* Exercise details
The lines to transcribe begin with the one containing "Women Clothing Print" and end with the last line below; reproduce them exactly, without the pictures.
-- Information shown follows --
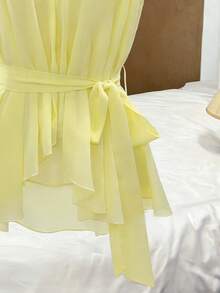 Elenzga 新款V领无袖薄纱性感系带优雅通勤度假百搭修身女式衬衫 - 黃色 - 查看 4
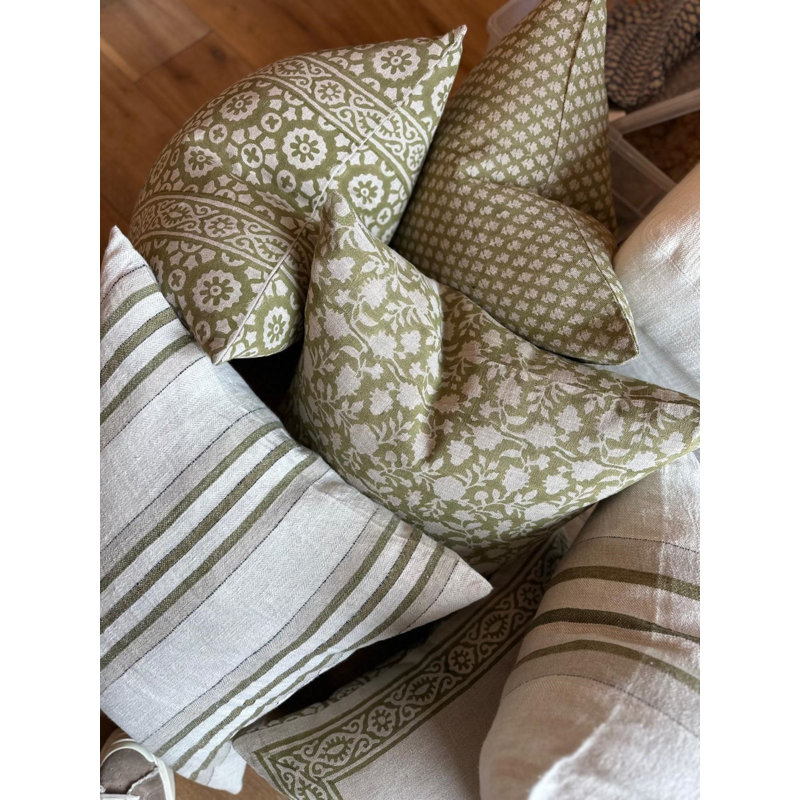 Patrika Pillow Cover - 22" x 22", Green Floral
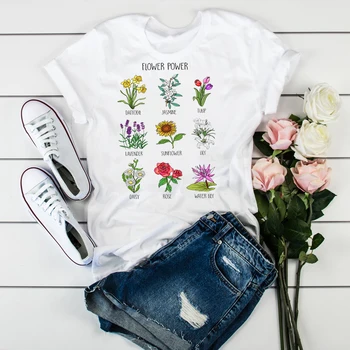 

Women Clothing Print Fashion Flower Clothes Floral Ladies Womens T-Shirt Graphic Tops Clothes Female Tumblr T Shirt T-shirts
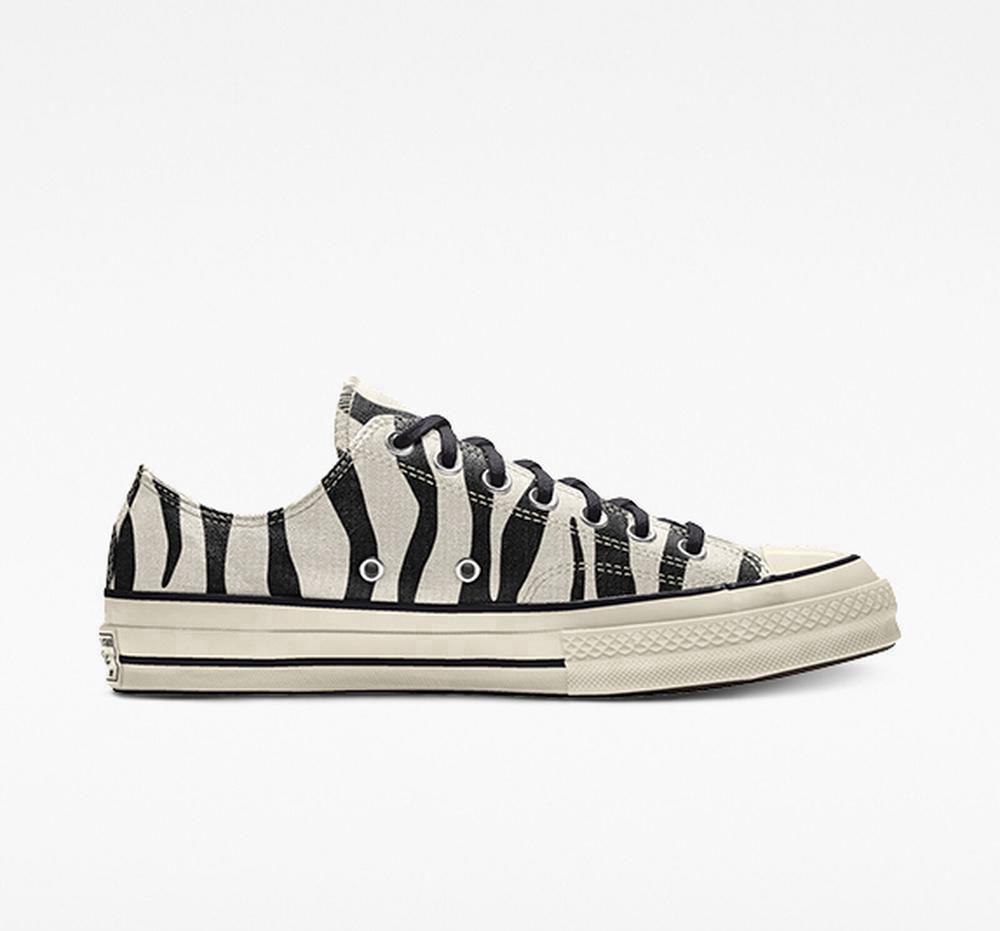 Converse Custom Chuck 70 Vintage Canvas By You Unisex Låga Herr Svarta Vita | 476135ZYE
-- Information shown concluded --
* Finished exercise
Women Clothing Print Fashion Flower Clothes Floral Ladies Womens T-Shirt Graphic Tops Clothes Female Tumblr T Shirt T-shirts
 Converse Custom Chuck 70 Vintage Canvas By You Unisex Låga Herr Svarta Vita | 476135ZYE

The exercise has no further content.